Хотя на уровне литературной теории принципы Новой критики, как известно, предполагают рассмотрение художественного текста в его эстетической функции, изолированно от внешних обстоятельств его создания, и в том числе от личности биографического автора, современное Фолкнеру фолкнероведение не избежало этой методологической “ереси” (в терминологии самой Новой критики). “Реквием по монахине” получает, в основном, положительные отзывы, ибо “стоит писателю взойти на пьедестал, как некоторые критики дважды подумают, прежде чем решиться недооценить новейший продукт его творчества”21 , но были и отрицательные рецензии. И если новые романы Йокнапатофского цикла принимали в целом одобрительно, в силу того что уже утвердилось представление о единстве художественного мира, “мифа” и т.п., и относились к ним как к очередным (и менее удачным) “сериям” — сиквелам и приквелам, то “Притча”, где Йокнапатофа лишь мелькает, а основная часть действия происходит во Франции времен Первой мировой войны, этим заведомым преимуществом не обладала. За этот роман Фолкнер получил две литературные премии (вторая — Пулитцеровская), и публика встретила его крайне благожелательно, но чем дальше, тем больше встречается негативных отзывов со стороны университетской критики. При этом упреки в морализаторстве и банальной риторике фактически основываются на механиче-ском переносе свойств дискурса Фолкнера-публициста на его романы; критики имплицитно исходят из идеи тождества авторской “монологической” позиции, в терминах Бахтина, и позиции, воплощенной в его текстах. Констатируется также снижение художественных достоинств “поздней” прозы Фолк-нера.

В 1957 году Фолкнер на протяжении нескольких месяцев совершает регулярные визиты в университет штата Вирджиния, где встречается со студентами, отвечая на их вопросы. Представляется, что именно студенты составляют большинство в читательской аудитории Фолкнера, поскольку преподавателей и критиков меньше по определению, а с момента включения режима “классика” публика за пределами университета, интересующаяся прежде всего новинками книжного рынка, довольно быстро классика читать перестает: “классик — это тот, кого читают в классе”, гласит известное определение.

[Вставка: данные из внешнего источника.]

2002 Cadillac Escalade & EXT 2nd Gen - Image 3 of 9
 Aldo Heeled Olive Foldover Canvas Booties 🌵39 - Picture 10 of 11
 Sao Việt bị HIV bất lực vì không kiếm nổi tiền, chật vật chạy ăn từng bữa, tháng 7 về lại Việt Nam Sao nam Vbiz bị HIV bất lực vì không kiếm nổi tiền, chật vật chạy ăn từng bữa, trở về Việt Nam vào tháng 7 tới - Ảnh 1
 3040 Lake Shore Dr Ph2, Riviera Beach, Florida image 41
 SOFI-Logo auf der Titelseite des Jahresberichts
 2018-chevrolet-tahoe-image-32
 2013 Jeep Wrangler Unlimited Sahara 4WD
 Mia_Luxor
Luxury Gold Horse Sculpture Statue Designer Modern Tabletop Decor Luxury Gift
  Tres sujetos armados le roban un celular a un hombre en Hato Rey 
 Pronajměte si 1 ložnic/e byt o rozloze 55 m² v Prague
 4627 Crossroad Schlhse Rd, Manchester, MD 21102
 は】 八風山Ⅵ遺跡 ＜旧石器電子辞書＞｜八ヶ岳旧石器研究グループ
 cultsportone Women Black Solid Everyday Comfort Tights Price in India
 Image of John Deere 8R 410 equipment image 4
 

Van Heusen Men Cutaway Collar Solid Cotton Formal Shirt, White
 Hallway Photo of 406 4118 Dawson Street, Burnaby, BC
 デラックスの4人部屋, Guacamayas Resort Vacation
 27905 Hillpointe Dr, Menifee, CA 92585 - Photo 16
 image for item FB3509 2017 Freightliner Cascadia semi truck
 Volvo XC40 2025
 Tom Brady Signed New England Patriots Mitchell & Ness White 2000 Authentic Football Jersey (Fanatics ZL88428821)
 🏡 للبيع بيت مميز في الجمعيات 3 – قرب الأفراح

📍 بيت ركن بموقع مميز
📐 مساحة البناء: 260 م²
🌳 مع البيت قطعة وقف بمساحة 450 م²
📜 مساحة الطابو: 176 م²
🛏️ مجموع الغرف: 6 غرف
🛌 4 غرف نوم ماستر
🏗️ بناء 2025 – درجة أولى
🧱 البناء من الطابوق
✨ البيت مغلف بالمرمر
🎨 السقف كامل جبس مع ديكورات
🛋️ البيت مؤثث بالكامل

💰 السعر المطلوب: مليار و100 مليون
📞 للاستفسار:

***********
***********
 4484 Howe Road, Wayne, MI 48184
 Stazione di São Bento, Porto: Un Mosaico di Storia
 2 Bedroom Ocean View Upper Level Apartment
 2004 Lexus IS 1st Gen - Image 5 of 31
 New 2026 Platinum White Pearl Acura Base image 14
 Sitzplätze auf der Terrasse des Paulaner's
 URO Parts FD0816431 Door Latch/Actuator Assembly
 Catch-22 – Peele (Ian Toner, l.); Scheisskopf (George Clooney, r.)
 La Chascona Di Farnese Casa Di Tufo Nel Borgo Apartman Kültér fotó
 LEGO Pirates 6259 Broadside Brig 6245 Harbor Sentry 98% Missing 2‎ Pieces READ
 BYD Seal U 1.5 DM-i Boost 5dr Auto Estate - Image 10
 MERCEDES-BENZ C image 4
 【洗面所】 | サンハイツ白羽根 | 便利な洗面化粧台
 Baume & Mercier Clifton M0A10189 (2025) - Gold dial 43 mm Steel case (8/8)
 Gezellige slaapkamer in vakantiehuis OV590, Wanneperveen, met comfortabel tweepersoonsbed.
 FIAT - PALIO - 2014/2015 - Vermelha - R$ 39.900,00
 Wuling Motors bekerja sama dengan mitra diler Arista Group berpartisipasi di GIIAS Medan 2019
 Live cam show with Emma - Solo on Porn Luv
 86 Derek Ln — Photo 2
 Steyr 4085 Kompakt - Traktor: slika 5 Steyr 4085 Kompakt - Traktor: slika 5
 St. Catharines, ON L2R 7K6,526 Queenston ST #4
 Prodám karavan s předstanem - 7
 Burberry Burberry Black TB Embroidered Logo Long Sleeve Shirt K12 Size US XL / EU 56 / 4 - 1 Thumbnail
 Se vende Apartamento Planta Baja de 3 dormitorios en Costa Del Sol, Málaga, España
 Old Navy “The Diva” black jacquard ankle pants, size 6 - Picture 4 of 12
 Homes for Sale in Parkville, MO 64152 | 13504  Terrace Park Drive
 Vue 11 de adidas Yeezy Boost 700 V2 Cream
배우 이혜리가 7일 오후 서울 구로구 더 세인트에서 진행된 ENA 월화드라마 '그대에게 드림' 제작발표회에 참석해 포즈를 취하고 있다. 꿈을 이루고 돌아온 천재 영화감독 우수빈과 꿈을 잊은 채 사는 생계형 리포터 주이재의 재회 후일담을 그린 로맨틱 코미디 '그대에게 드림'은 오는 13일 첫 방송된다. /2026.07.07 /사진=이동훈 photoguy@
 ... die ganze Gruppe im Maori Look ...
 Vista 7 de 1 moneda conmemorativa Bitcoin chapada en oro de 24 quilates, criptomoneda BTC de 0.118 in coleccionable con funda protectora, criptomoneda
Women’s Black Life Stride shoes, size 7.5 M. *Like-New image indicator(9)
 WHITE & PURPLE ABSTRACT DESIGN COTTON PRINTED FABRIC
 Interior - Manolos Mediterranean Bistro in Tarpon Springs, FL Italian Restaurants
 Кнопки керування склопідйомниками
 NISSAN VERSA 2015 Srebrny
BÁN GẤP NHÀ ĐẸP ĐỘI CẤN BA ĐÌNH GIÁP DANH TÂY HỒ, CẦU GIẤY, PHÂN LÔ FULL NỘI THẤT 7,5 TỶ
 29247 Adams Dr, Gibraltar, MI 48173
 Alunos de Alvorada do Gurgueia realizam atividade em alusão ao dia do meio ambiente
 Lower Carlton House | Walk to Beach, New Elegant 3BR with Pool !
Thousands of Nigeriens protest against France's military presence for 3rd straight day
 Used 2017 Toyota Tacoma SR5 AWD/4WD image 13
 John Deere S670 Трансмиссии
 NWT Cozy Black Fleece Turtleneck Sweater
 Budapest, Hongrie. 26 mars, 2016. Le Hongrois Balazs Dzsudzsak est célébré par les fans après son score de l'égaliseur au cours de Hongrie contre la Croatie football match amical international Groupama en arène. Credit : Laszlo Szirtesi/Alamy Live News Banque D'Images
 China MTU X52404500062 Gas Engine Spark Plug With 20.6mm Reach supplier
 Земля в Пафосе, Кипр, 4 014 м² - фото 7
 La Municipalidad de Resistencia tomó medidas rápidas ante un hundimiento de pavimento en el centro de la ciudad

Многие вопросы, заданные писателю студентами в 1957 году, касались событий и жителей его художественного мира22 . Формулировки этих вопросов позволяют установить, что “референциальная ошибка” в той или иной мере характерна для нормального восприятия фолкнеровских текстов, ибо литературный проект Фолкнера — двойное “притворство” в терминах речевых актов (перефразируя теперь Женетта, перефразировавшего Серля: автор притворяется, что утверждает нечто о реальных людях, в то время как в действительности он делает вид, будто создает мир, тогда как на самом деле он занят другим: создает литературное произведение). Наученные в университете не быть настолько наивными, чтобы спрашивать у автора дорогу в Йокнапатофу, читатели убеждены тем не менее, что перед ними — авторитет, которому известно о художественном мире больше, чем написано в книгах, ибо этот мир все же существует — в авторском сознании. И многие их сомнения (неразрешенные и неразрешимые в тексте Фолкнера) высказываются так, как если бы мир Йокнапатофы действительно существовал в цельнооформленном виде за пределами текста. Вопросы, адресованные автору, — это и есть своеобразное паломничество, где писателю вменяется роль портала для паломников.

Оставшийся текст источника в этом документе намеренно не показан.